Exceptions to the Rule in Foss v Harbottle (a) Preliminary Points A number of matters must be established first:
(i) The company is entitled to the remedy - shareholder cannot have a wider right to bring an action than the company itself would have had.
(ii) It is not possible to petition under CA s.459 or IA 1986 s.122(1)(g) (these will usually be easier).
(iii)The action falls within one of the recognised exceptions to the Rule in Foss v Harbottle.
(iv) It is not possible to obtain authority to bring an action in the company’s name (i.e. must show the company has decided not to sue).
(b) The Recognised Exceptions Edwards v Halliwell (Case 90) identified four exceptions:
- Fraud on the minority by wrongdoers in control
- Invasion of members personal rights
- Ultra vires acts
- Material procedural irregularities
In reality, only the first of these is a true exception to Foss - the others are cases where the Rule has no application.

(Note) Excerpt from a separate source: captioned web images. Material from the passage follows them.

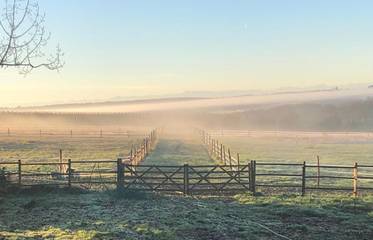 Location de vacances pour 10 personnes, avec vue ainsi que jardin et piscine à Sainte-Maure-de-Peyriac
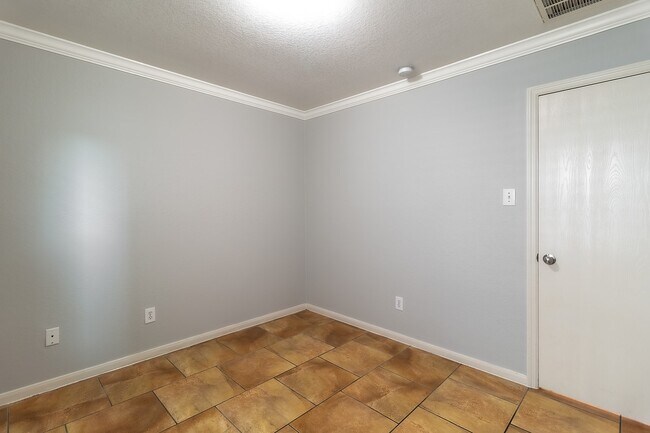 Building Photo - 12907 Regalshire Ct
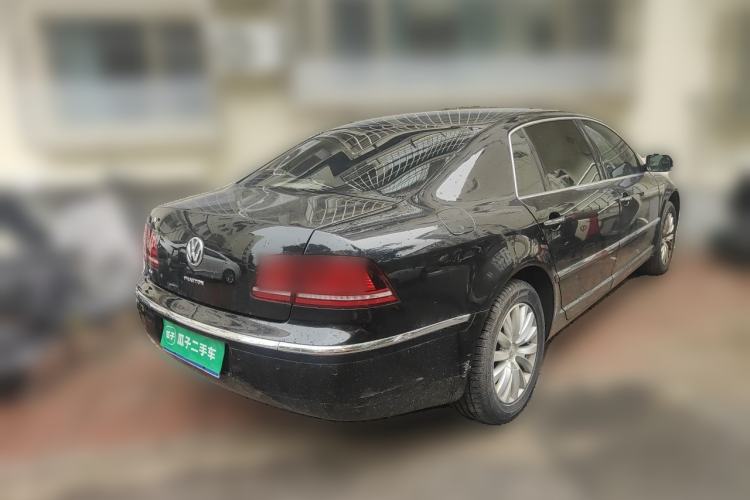 Used Volkswagen Phaeton 2012 3.0L Business Edition Rear Right 45 Deg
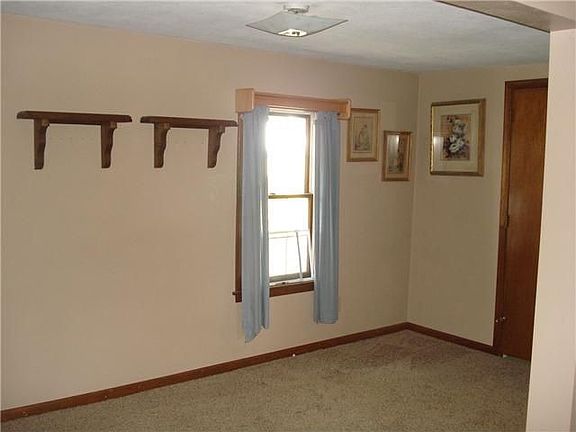 3rd image of 11611 County Road C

(i) Fraud on the Minority by Wrongdoers in Control
"Control" = voting control (50% + 1 vote) - but some suggestion that de facto control is enough:
Prudential Assurance v Newman Industries (Case 91)
"Fraud" = unconscionable use of majority power resulting in loss to or discrimination against the minority.

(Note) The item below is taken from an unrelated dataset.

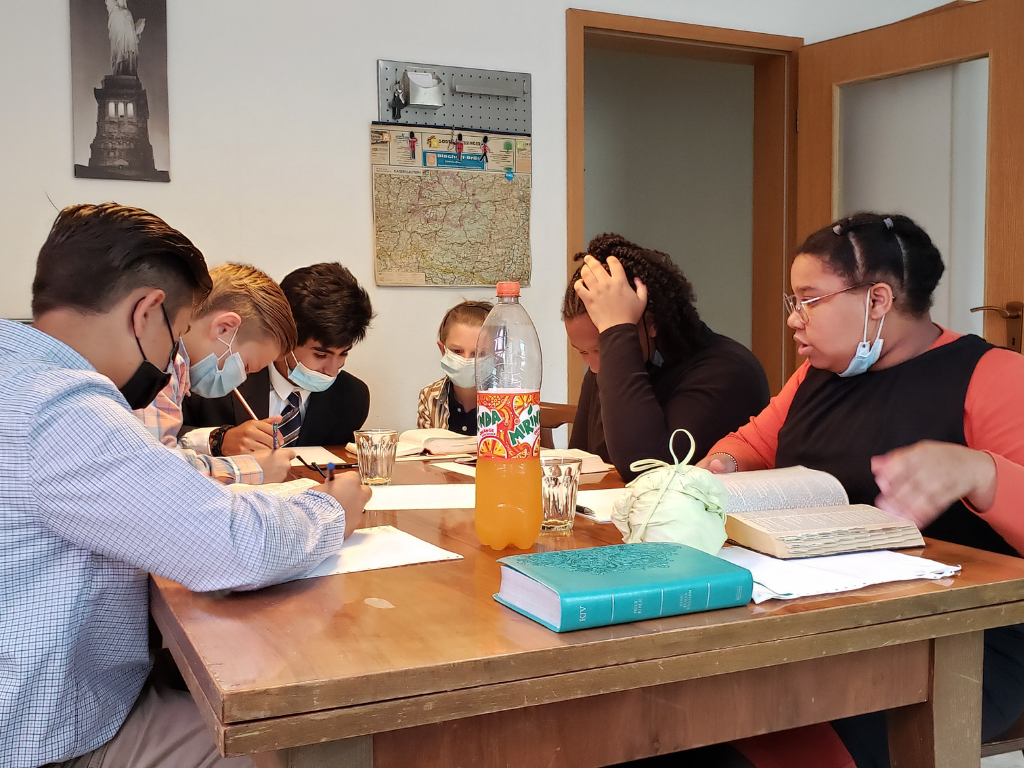 86361142-0DF8-4F06-B21C-93A0C875E3FA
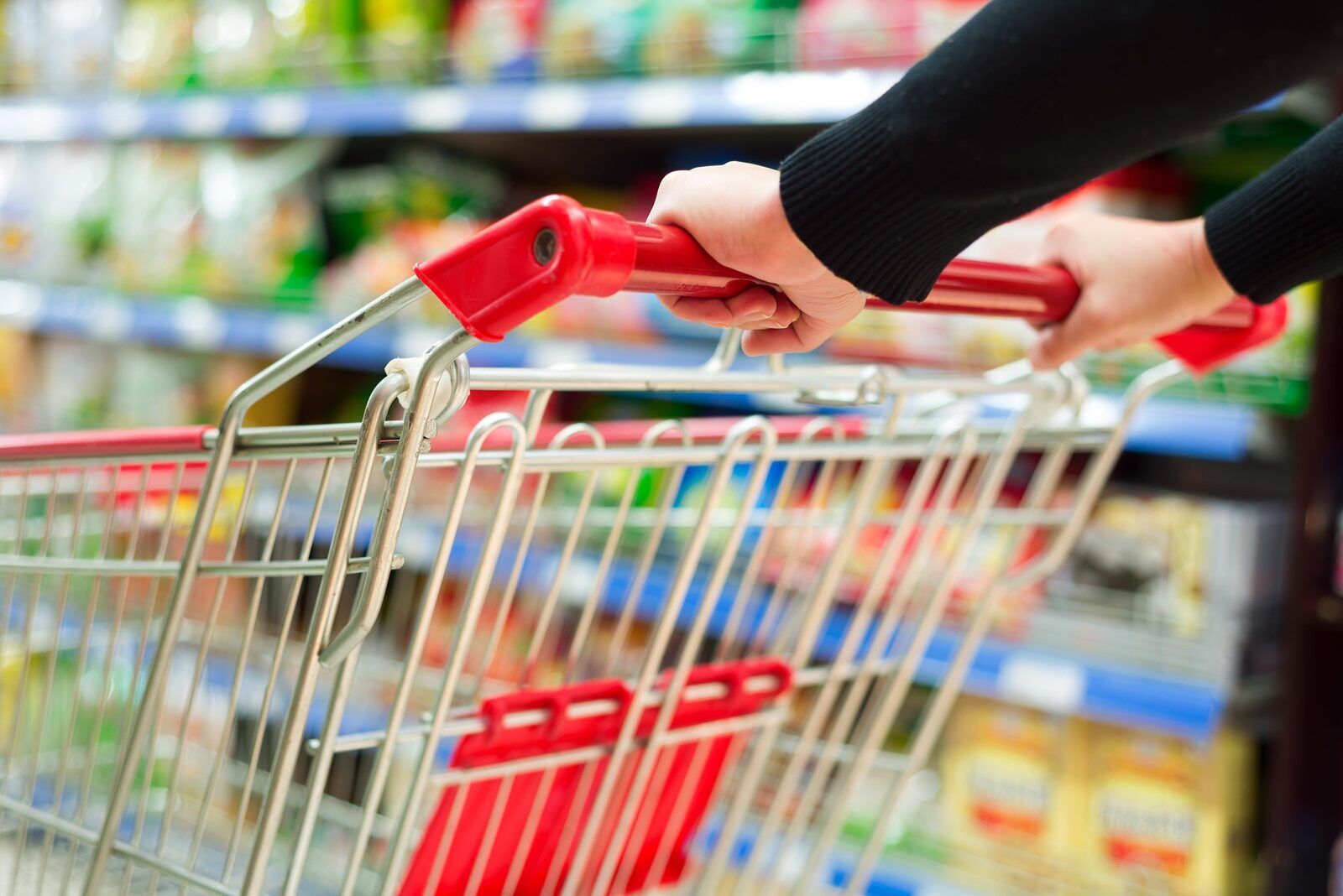 Miniștrii UE cer Comisiei Europene să relaxeze restricțiile de aprovizionare pe piața unică, pe fondul tensiunilor dintre retaileri și producători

Negligence is not enough to amount to fraud:
Pavlides v Jensen (Case 92)
But "self-serving" negligence might be:
Daniels v Daniels (Case 93)
Oppression of the minority will be regarded as fraud:
Menier v Hooper’s Telegraph Works (Case 94)
Cook v Deeks (Case 82)
Also conduct which is an abuse of majority powers:
Estmanco v GLC (Case 95)
(ii) Invasion of Personal Rights
Invasion of the shareholder’s personal rights is not really an exception to the rule in Foss v Harbottle - because the shareholder would be the proper person to bring the action:
Wood v Odessa Waterworks Co (Case 47)
Salmon v Quinn & Axtens Ltd (Case 51)
(iii) Illegal or Ultra Vires Acts
Any shareholder is entitle to bring an action to restrain the company from doing something which is outside the company’s objects.
(iv) Material Procedural Irregularities
General rule that the courts will not interfere with the internal management of a company when an action is brought by a shareholder does not apply if the act done by the company was one which required a special majority which was not obtained.
If this exception did not exist, the company would be able to act in breach of its own constitution.